2015年7月21日、772とともに江波車庫にて車両搬出が行われた3006。
クレーンで吊り上げられる3006A。
トレーラーに載せられて構内を移動する3006A。同じくトレーラーに載せられた772と並ぶ。
出発前の各種点検が行われる3006A。
現役車両が並ぶ江波車庫の片隅で、順に搬出される3006。
トレーラーに載せられた3006C。
トレーラーに載せられて構内移動する3006C。
他の2両(2車体)が搬出され、単車となった3006B。車両の移動はフォークリフトを用いて行われた。

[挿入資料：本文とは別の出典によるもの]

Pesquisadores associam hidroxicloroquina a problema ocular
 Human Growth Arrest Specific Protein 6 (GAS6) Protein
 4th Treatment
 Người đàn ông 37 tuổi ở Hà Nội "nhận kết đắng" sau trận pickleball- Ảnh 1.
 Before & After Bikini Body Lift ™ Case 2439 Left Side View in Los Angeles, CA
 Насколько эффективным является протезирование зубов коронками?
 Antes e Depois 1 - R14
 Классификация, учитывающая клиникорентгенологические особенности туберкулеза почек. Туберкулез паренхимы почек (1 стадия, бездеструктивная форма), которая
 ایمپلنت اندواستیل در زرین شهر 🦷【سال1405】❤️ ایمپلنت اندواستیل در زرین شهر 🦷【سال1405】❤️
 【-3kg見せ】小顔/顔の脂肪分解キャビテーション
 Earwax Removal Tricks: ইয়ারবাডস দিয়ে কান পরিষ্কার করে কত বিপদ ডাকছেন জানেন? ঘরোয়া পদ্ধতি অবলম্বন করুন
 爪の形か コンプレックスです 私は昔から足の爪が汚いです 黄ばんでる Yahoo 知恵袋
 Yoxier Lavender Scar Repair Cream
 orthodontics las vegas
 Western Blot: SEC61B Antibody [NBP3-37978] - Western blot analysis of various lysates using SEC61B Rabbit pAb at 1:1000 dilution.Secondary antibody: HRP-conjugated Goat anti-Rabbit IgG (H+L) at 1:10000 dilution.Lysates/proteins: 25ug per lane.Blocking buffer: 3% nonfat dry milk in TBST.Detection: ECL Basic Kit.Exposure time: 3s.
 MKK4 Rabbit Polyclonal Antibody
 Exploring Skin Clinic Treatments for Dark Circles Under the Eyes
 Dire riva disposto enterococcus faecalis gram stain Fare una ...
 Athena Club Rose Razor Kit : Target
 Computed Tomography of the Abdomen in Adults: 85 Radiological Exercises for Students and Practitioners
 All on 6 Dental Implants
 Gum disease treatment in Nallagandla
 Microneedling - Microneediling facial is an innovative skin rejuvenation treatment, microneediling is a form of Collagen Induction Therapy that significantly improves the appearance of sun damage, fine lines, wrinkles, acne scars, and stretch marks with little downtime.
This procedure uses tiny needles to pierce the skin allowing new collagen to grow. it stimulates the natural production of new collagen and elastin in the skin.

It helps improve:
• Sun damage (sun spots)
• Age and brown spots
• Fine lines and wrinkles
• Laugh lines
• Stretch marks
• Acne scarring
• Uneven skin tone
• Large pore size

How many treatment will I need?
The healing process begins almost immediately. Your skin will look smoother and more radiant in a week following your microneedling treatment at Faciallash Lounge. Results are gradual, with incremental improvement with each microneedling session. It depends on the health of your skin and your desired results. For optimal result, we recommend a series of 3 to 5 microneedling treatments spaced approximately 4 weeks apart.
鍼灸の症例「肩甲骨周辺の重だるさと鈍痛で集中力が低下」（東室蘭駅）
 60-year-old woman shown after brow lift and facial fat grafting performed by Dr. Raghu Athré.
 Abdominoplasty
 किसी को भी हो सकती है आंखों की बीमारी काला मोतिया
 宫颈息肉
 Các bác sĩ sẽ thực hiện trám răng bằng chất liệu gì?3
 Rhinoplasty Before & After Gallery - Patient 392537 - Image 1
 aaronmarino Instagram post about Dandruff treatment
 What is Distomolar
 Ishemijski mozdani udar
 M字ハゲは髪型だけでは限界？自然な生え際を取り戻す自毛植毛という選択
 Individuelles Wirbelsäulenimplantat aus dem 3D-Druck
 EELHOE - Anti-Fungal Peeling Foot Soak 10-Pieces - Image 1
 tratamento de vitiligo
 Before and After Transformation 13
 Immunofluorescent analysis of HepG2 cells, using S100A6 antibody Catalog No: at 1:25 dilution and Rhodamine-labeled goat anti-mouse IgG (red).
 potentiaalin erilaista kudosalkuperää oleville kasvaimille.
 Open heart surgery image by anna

江波車庫を出発する3006A。3000形は車体長が短いため日中に輸送された(772は深夜に輸送)。
江波車庫の前で広電の線路を横断する。
軌道上を行く広島電鉄800形と、道路上を行く3000形3006。25年間共に過ごした同僚と最後の別れ。

(信号待ち停車中に撮影)
広島市内の国道2号線を行く。神戸へ向けて一路東へ。
瀬野川沿いを行く。
東広島の山間部を行く。
広島県内の国道2号線沿いの「ドライブインまるかつ」に到着した3006A。この日は深夜までここで停泊となった。江波車庫出発時には曇天だった空も一気に晴れた。
トレーラーの運転手さんのご厚意で、車内を拝見。走行中の振動で、座面が外れかかっている。
シートで覆われた妻面。
外されたジャンパ栓は天井のパイプから吊るされて固定されていた。
3006Aを仰ぎ見る。これまでに西鉄、広電と50年以上活躍し、次はミャンマーへと第3の赴任先へ向かう3006Aの表情はどこか誇らしげであった。
3時間以上間隔をあけて、輸送されてきた3006B。

八本松駅付近にて
西条バイパス八本松IC方面へと曲がっていく3006B。
東広島を行く3006B。
「ドライブインまるかつ」に到着した3006B。
「ドライブインまるかつ」で顔を合わせた3006A(手前)と3006B(奥)。編成組成時は3006Cを介して背中合わせとなっているため顔を合わせることがなかった2両が並んだ。